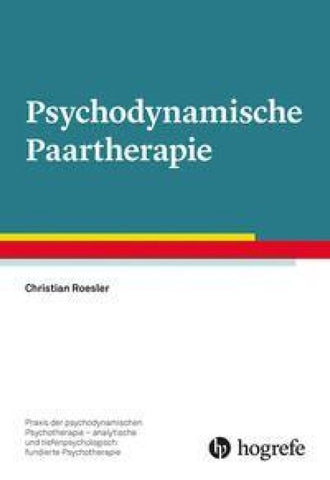 Psychodynamische Paartherapie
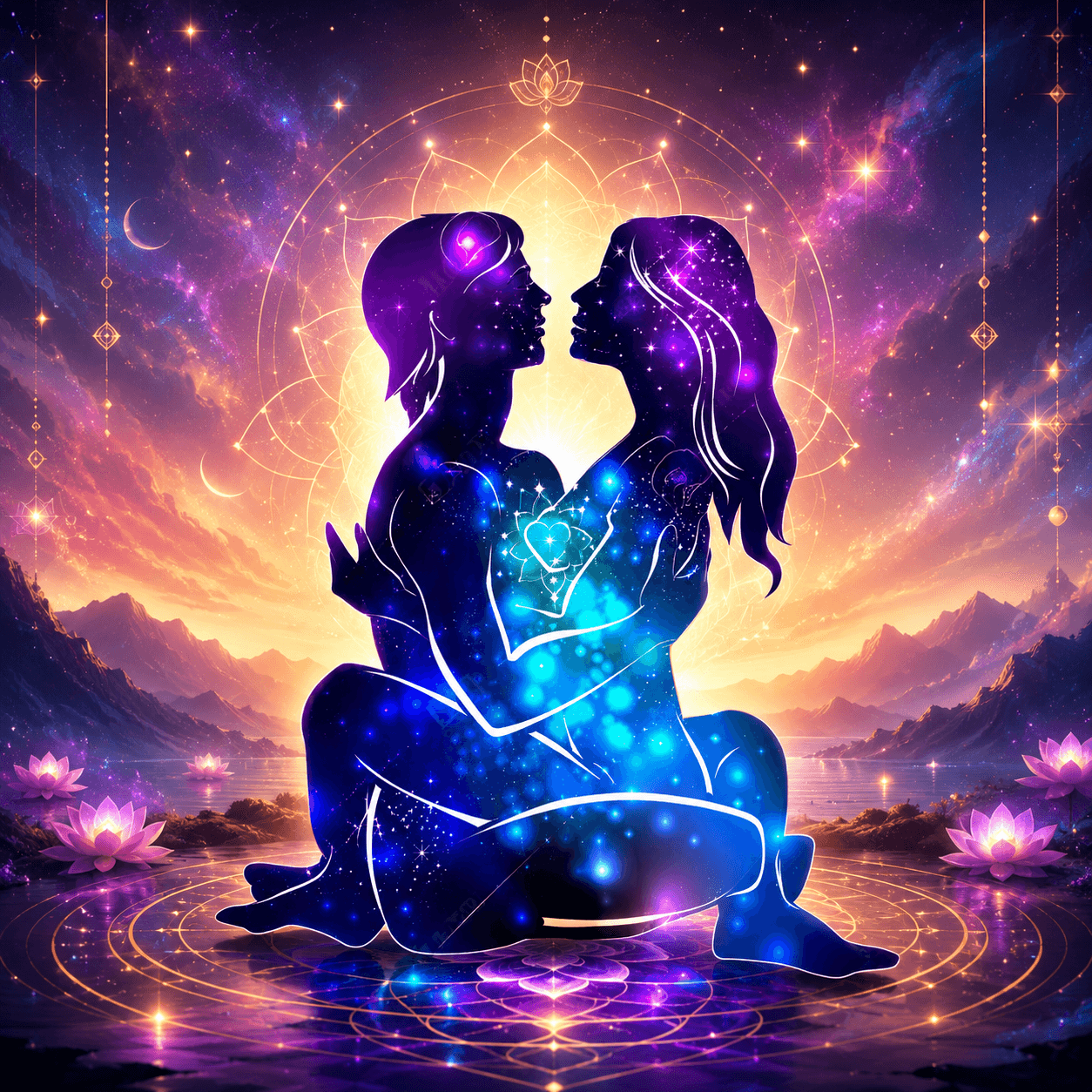 Tantra for Couples
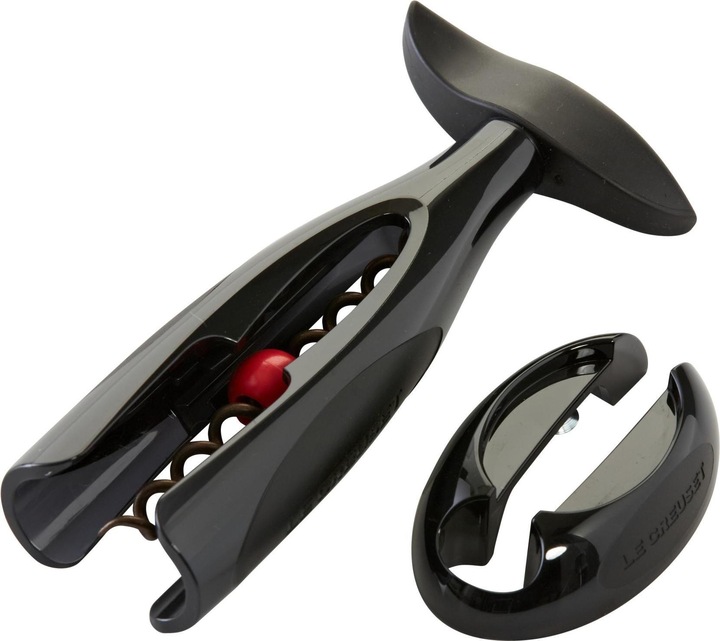 Immagine prodotto Screwpull Cavatappi nero GS-200 (Cavatappi)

ACTIVITY:
Pictures stay out; reproduce exactly the lines from the one containing "Tantra for Couples" through the last line of the listing, both included.

PROBLEM SOLUTION:
 Tantra for Couples
 Immagine prodotto Screwpull Cavatappi nero GS-200 (Cavatappi)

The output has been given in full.